Não quero acreditar! Dizem-me que as ONGs portuguesas que se voluntariaram para ir prestar ajuda de emergência ao Aceh mal o Governo português indicou estar a organizar uma missão (o avião que ontem partiu), foram afinal dispensadas, deixadas em terra! Aparentemente porque o IPAD (MNE) organizou o voo, mas o Ministério da Saúde era quem pagava a missão, logo era quem "mandava" - e preferiu enviar pessoal médico e enfermeiro dos seus quadros, em vez de financiar a deslocação de médicos e enfermeiros voluntariados por ONGs portuguesas. (É evidente que a equipa que partiu também é composta por voluntários e são de louvar a sua imediata disponibilização e a dedicação e competência de que certamente vão deixar provas na Indonésia.)
Mas em todos os países europeus, a ajuda de emergência, a reabilitação na fase seguinte e a ajuda para o desenvolvimento, a longo prazo, fazem-se sobretudo com ONGs e através de ONGs no terreno. Os IPADs de outros países existem para estimular as ONGs, organizar as ONGs, optimizar as ONGs, financiar as ONGs, direccionar tanto quanto possível as ONGs. E controlar as ONGs, também (designadamente sobre como gastam o dinheiro e a eficácia e utilidade política dos respectivos projectos).

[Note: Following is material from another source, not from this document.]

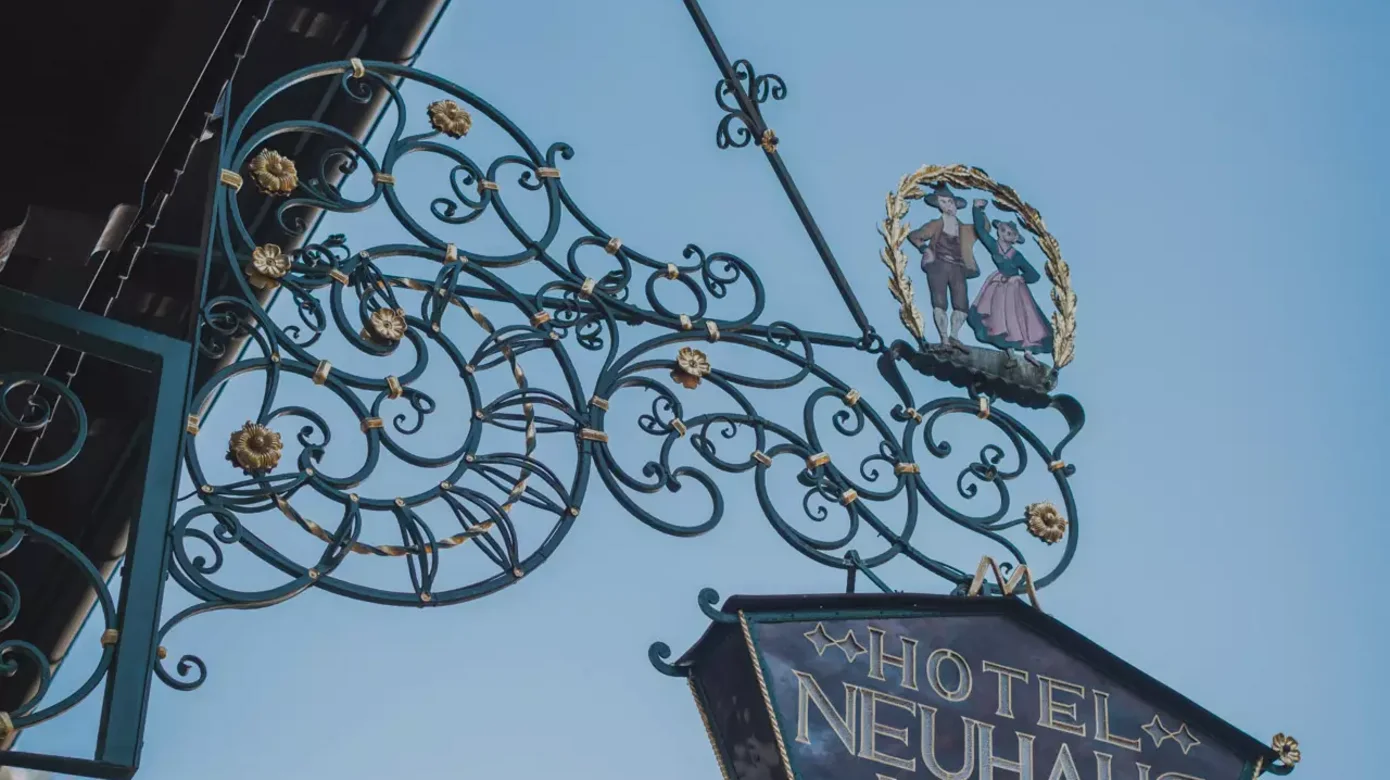 Hotel Neuhaus Mayrhofen Zillertal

Se Portugal quiser algum dia ter uma Política de Cooperação a sério, se quiser inclusivé aproveitar devidamente os financiamentos europeus para o efeito, se quiser ter mais portugueses a intervir em ONGs e agências internacionais que coordenam a intervenção em ajuda de emergência e também na ajuda ao desenvolvimento (designadamente no âmbito da ONU), precisa de apoiar e financiar as ONGs portuguesas, precisa de ajudar a estimular os voluntários que elas organizam e formam.

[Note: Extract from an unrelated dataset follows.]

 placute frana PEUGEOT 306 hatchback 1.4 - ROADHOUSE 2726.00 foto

Em Portugal, em 2005, sob a desgovernação PSD/PP voltou a ser dominante o principal entrave a uma verdadeira política de cooperação do Estado português, já há muitos anos diagnosticado e combatido pela governação PS (graças a Luís Amado, sobretudo): continua a vigorar o espírito das capelinhas, cada Ministério com dinheiro decide das "suas" acções de cooperação, a coordenação política - que deve evidentemente caber ao MNE/IPAD - reduz-se a organizar a logística das deslocações, quando muito tolerando-se que o MNE poise para a fotografia no aeroporto....
Também grave, neste caso, é que na Indonésia não se trata apenas de uma intervenção que se resolva num mês (tempo previsto para a missão da equipa do M. Saúde). Trata-se do Aceh - um território que esteve trinta anos praticamente vedado à presença internacional, por causa do conflito político. No momento em que o Governo indonésio o abre ao exterior, não está apenas em causa o alívio imediato dos sofrimentos da população que sobreviveu - importa contribuir para usar a oportunidade criada pela tragédia para ajudar a resolver o conflito. O que implica presença internacional sustentada, por longo tempo. Através de ONGs, evidentemente. A presença de voluntários de ONGS portuguesas deveria, assim, ser uma prioridade.